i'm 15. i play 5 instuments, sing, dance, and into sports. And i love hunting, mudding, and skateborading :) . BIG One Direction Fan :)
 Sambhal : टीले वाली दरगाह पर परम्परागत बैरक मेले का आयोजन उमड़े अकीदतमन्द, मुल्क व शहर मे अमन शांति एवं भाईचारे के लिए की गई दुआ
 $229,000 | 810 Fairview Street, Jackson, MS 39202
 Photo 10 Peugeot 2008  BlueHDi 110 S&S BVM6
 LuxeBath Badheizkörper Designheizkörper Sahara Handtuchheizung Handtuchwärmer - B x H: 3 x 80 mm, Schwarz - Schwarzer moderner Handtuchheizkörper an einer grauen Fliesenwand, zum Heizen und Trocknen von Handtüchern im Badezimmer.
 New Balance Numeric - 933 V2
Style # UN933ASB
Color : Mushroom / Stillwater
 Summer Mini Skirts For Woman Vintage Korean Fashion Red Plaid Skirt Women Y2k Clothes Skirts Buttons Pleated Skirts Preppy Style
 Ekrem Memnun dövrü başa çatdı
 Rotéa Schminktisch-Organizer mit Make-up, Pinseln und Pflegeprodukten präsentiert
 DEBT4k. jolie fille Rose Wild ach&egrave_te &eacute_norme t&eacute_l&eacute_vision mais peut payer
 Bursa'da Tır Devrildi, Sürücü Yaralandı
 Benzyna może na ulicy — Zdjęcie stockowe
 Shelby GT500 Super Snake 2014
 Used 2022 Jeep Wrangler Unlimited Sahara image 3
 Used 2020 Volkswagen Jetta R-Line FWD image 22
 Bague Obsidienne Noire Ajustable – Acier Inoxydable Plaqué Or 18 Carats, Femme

» THE PROBLEM: All that is wanted is an exact copy of the lines from the line holding "Benzyna może na ulicy — Zdjęcie stockowe" through the end of the material above, including both.

» ANSWER:
 Benzyna może na ulicy — Zdjęcie stockowe
 Shelby GT500 Super Snake 2014
 Used 2022 Jeep Wrangler Unlimited Sahara image 3
 Used 2020 Volkswagen Jetta R-Line FWD image 22
 Bague Obsidienne Noire Ajustable – Acier Inoxydable Plaqué Or 18 Carats, Femme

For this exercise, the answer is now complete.